- _PROBLEM DETAILS_:
Retype nothing except the lines below from the one with "Stainless Steel Hot Dog Roller Machine" through the one with "hay ninguna razón", exactly, with images left out.

- _DATA FOR PROCESSING_:
== Segment start ==

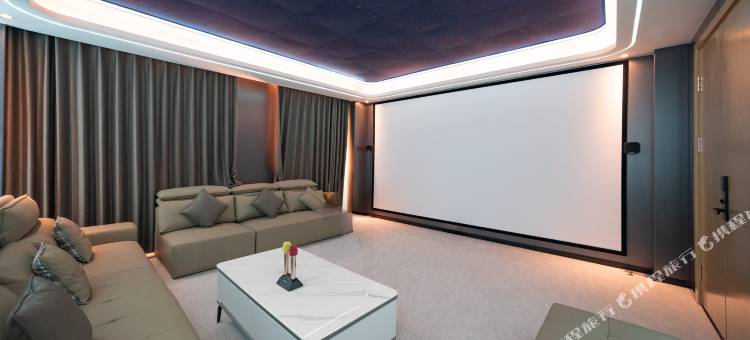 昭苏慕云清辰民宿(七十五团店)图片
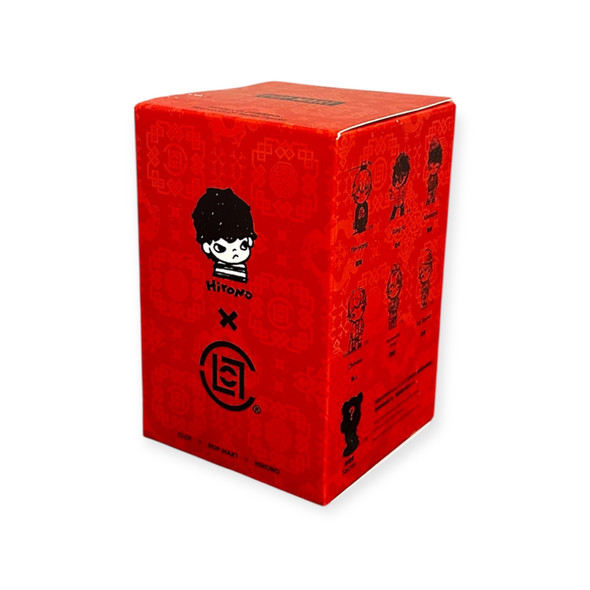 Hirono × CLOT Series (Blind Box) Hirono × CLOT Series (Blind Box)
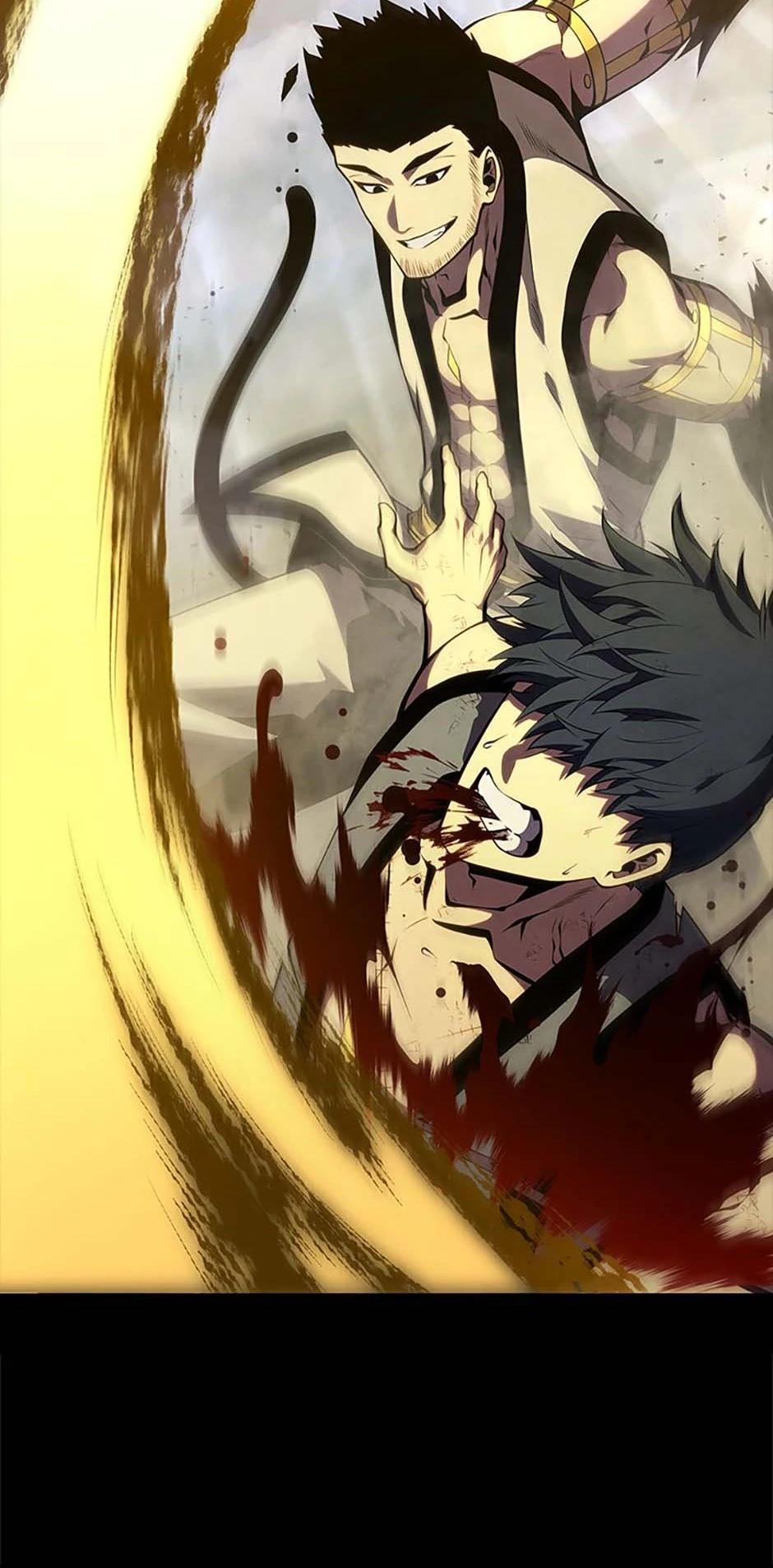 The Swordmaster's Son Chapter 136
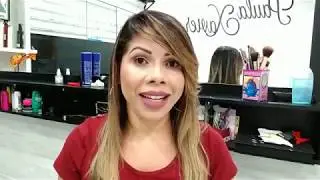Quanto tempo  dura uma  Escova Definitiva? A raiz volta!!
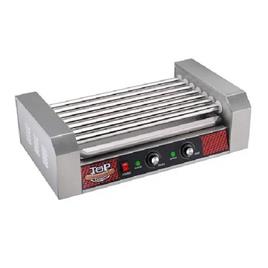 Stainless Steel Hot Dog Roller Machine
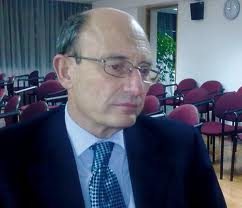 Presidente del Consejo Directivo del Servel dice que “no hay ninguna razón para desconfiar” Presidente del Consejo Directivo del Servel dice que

== Segment end ==
== Segment start ==

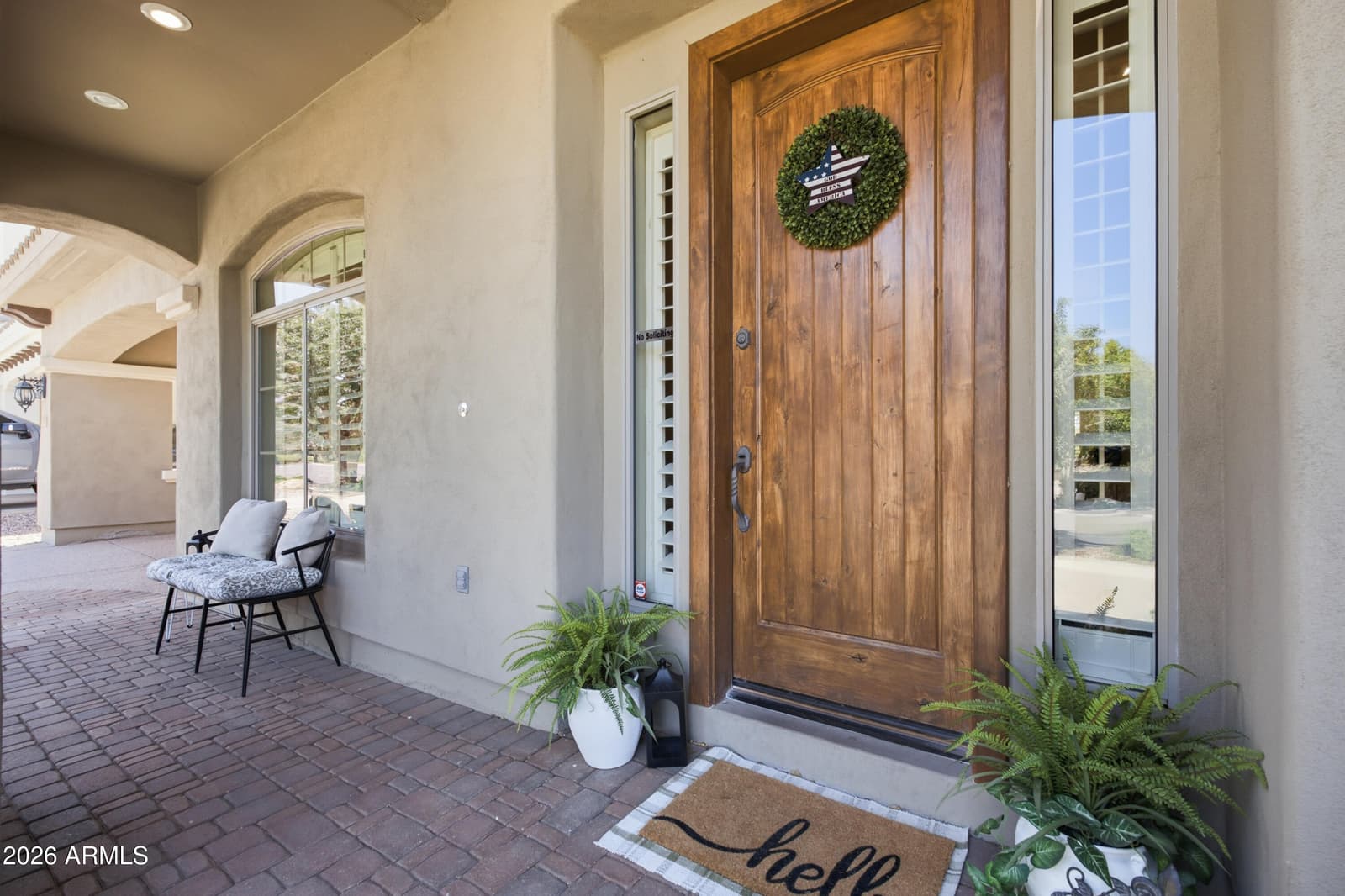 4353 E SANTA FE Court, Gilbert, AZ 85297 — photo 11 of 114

== Segment end ==

- _EXERCISE OUTPUT_:
 Stainless Steel Hot Dog Roller Machine
 Presidente del Consejo Directivo del Servel dice que “no hay ninguna razón para desconfiar” Presidente del Consejo Directivo del Servel dice que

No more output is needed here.